Estas verdades preciosas refulgen e iluminan todo el firmamento y despiertan la admiración de los seres celestes, quienes las contemplan con fascinación y profundo interés (1 Pe. 1:12). No podría ser de otro modo, porque cuando vino el cumplimiento del tiempo, Dios envió a su Hijo, nacido de mujer y nacido bajo la ley, para que redimiese a los que estaban bajo la ley, a fin de que recibiésemos la adopción de hijos (Ga. 4:4–5).

A lo largo de estos versículos, Pedro nos habla de herencia, de cielo, de esperanza, de últimos tiempos o de revelación (apocalipsis). Pero lo que supone terreno resbaladizo para algunos, no es sino roca firme para un apóstol que desea aportar certezas a los que caminan por la senda de la duda y la persecución. Mientras llega la consumación de los tiempos, y particularmente al atravesar el valle de sombra de muerte, necesitamos recordar que el Dios de la historia no opera arbitrariamente. Y aunque, en ocasiones, sus propósitos trascienden nuestra capacidad de entender la realidad, podemos confiar en que él todo lo hace bien.

Esta época de adviento nos permite recordar que la compasión divina para con los pecadores no se limita a un tiempo pasado, sino que se prolonga hacia la eternidad. De ninguna manera puede ser reducido a las fechas, calendarios de chocolate o ceremonias que algunos intentan vendernos (o imponernos). Estamos ante el mayor fenómeno que el universo haya experimentado jamás. En la persona de Jesucristo, el Dios eterno se hizo hombre para salvar a los hombres. Aquel que era rico, por amor a vosotros, se hizo pobre para que por su pobreza fuésemos enriquecidos (2 Co. 8:9) haciendo posible lo que resultaba imposible: alcanzar la salvación de nuestras almas y disfrutar de plena comunión con un Dios tres veces Santo.

En palabras de Martín Lutero: “Dios no quiere salvarnos por nuestra propia justicia, sino por una ajena, una que no se origina en nosotros, sino que nos viene desde más allá de nosotros, una que no surge de la tierra, sino que desciende del cielo”. En estos días, anticipamos un legado indestructible obtenido como resultado de la venida a este mundo de un inocente bebé. Uno que nació y vivió de manera perfecta con el fin de certificar por medio de su muerte y resurrección de entre los muertos la salvación de todos los que se acercan a los pies del Calvario para, humillados y contritos de corazón, confesar que son muchas nuestras iniquidades, pero su justicia es suficiente a los ojos de Dios.
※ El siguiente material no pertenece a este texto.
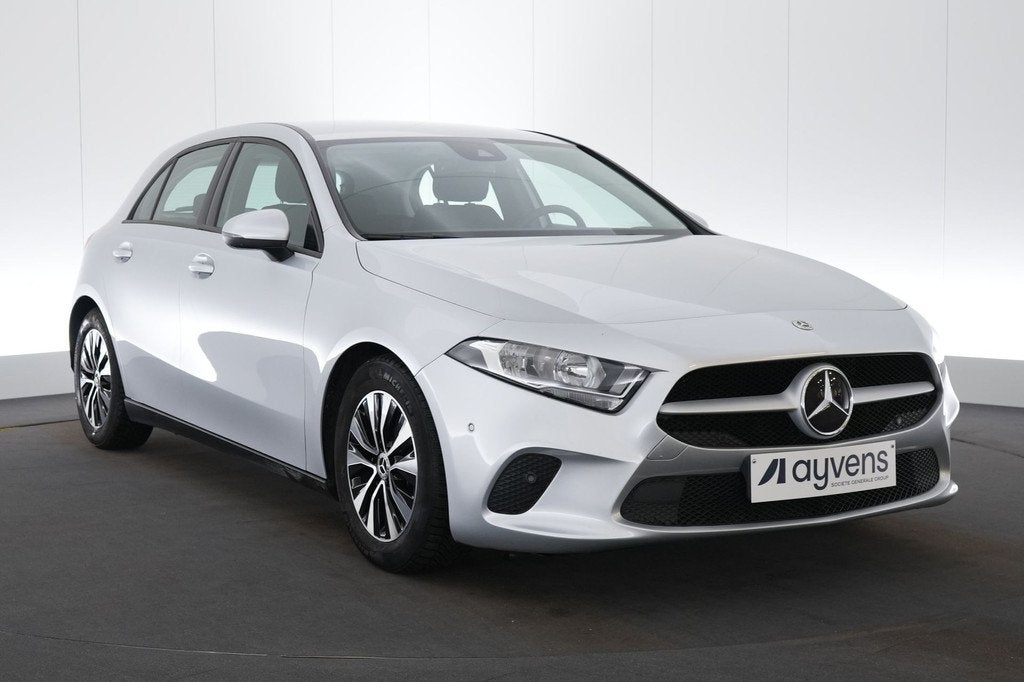 (2BUL621) MERCEDES-BENZ A-CLASS, Auto's, Stof, Gebruikt, Euro 6, 136 pk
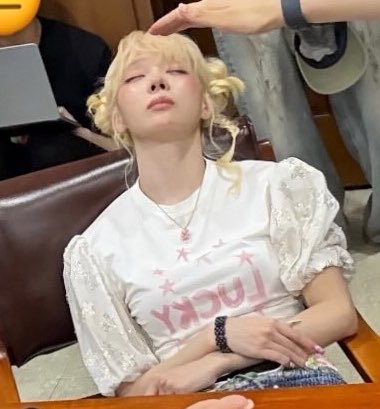 winginggggg's tweet photo. 뽀뇨..아니 민ㅈ 아니 뽀뇨야 https://t.co/szzUSMkwbi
Él vino para salvar a su pueblo de sus pecados (Mt. 1:21), y así lo hizo y lo seguirá haciendo hasta que regrese para reinar por los siglos.

“Dios no quiere salvarnos por nuestra propia justicia, sino por una ajena, una que no se origina en nosotros, sino que nos viene desde más allá de nosotros, una que no surge de la tierra, sino que desciende del cielo”.

Martín Lutero

La gratitud por lo sucedido en el pasado, y la confianza en cuanto al futuro, motivan y apremian al creyente a vivir su presente de acuerdo a su posición en Cristo. Nuestra mira está puesta en lo que vendrá y lo que vivimos en la carne lo hacemos sabiendo que pronto estaremos con Él. Porque aquel que vino volverá y no tardará.

Mientras tanto, enfrentamos las dificultades con gozo y esperanza, honrando al único que es poderoso para guardar nuestro depósito hasta aquel día. ¡Gloria a Dios en las alturas, y en la tierra paz, buena voluntad para con los hombres! (Lc. 2:14). Cuando entendemos esto, y a este lado de la cruz, el adviento se convierte en un tiempo tan hermoso como necesario.